Шестьдесят девятый год был вам не шестьдесят пятый. И государственный человек Михалков понимал, что и у гроба Чуковского какие-нибудь бессовестные вольнодумцы могут позволить себе протестные или по крайней мере несанкционированные телодвижения.
И все же на похоронах Чуковского привычной уверенности в себе у Михалкова слегка поубавилось. Чуковский для него не мог до конца перестать быть Чуковским — и было Сергею Владимировичу не по себе.
Когда-то Женя Чуковский читал мне его талантливые стихи, где Михалков хотел представить собственные похороны: “Понесут по улицам длинный-длинный гроб. Люди роста среднего скажут: он усоп…” И были там слова: “Не ходить к Чуковскому, автору поэм, с дочкой Кончаловского, нравящейся всем…”
Желание отца сказать какие-то слова на кладбищенском холме застали его врасплох. Никто никому не собирался грубить. Отец сказал: “Отойди, Сережа” — и взобрался со своей хромой ногой поближе к гробу. По словам Мити Чуковского, растерянный Сергей Владимирович только твердил: “П-паша, П-паша…” Но не отталкивать же?
После речи на похоронах сдалась и Лидия Корнеевна.
Теперь на годовщины отец приглашался с той же регулярностью, как было при жизни Корнея Ивановича. И у той публики, что собирала Лида, он проходил неплохо. Толя Найман, во всяком случае, пересказывал мне потом реплики, бросаемые отцом за столом, оценивая их как остроумные.

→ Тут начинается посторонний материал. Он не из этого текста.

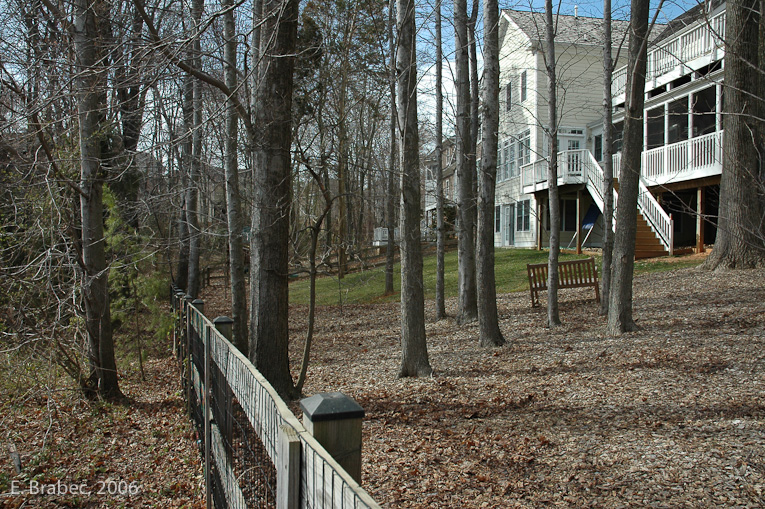 Rear yard tree easements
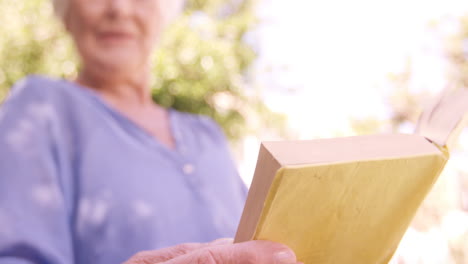 senior woman reading a book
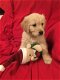Zeer gezonde Golden Retriever-puppy's - 2 - Thumbnail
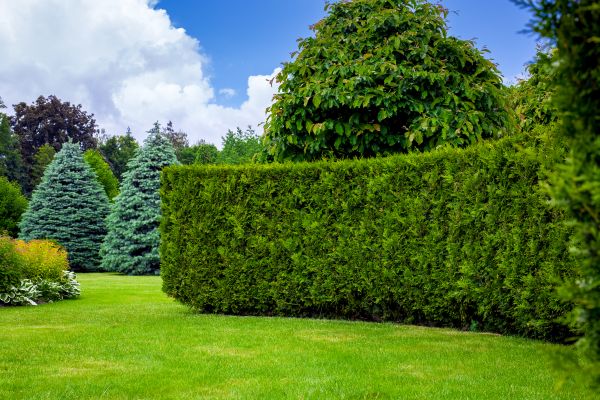 Hedge Landscaping in Crown Point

Но в какой-то из разов, когда приглашенный Лидией Корнеевной отец подходил уже к воротам дачи Чуковских, он обратил внимание на большее, чем обычно, количество машин с дипломатическими номерами — и всегдашняя его осторожность взяла верх: на приемы к Лидии Корнеевне он ходить перестал, вскоре вновь утратив к себе интерес либеральной общественности.
Чукер учился в киноинституте, виделись мы теперь редко — и я к нему на дачу не заглядывал в то лето: сам готовился в институт и никому об этом не трезвонил.
О том, что я поступил-таки в Школу-студию МХАТ, Чукер откуда-то узнал — и тут же появился у нас с незнакомым мне Максимом Шостаковичем, о котором я кое-что, правда, слышал.
Где и когда они — Женя с Максимом — познакомились, я так и не собрался спросить. Но думаю, что сблизились они на почве машин, техники.
С техникой в ладах было несколько моих друзей и приятелей.
Но Максим, по-моему, превосходил всех еще и легкостью отношения к чему бы то ни было, включая автомобиль.
Летом шестьдесят третьего года мы с Мишей Ардовым и Максимом на иностранной машине Максима “пежо” поехали в Коктебель.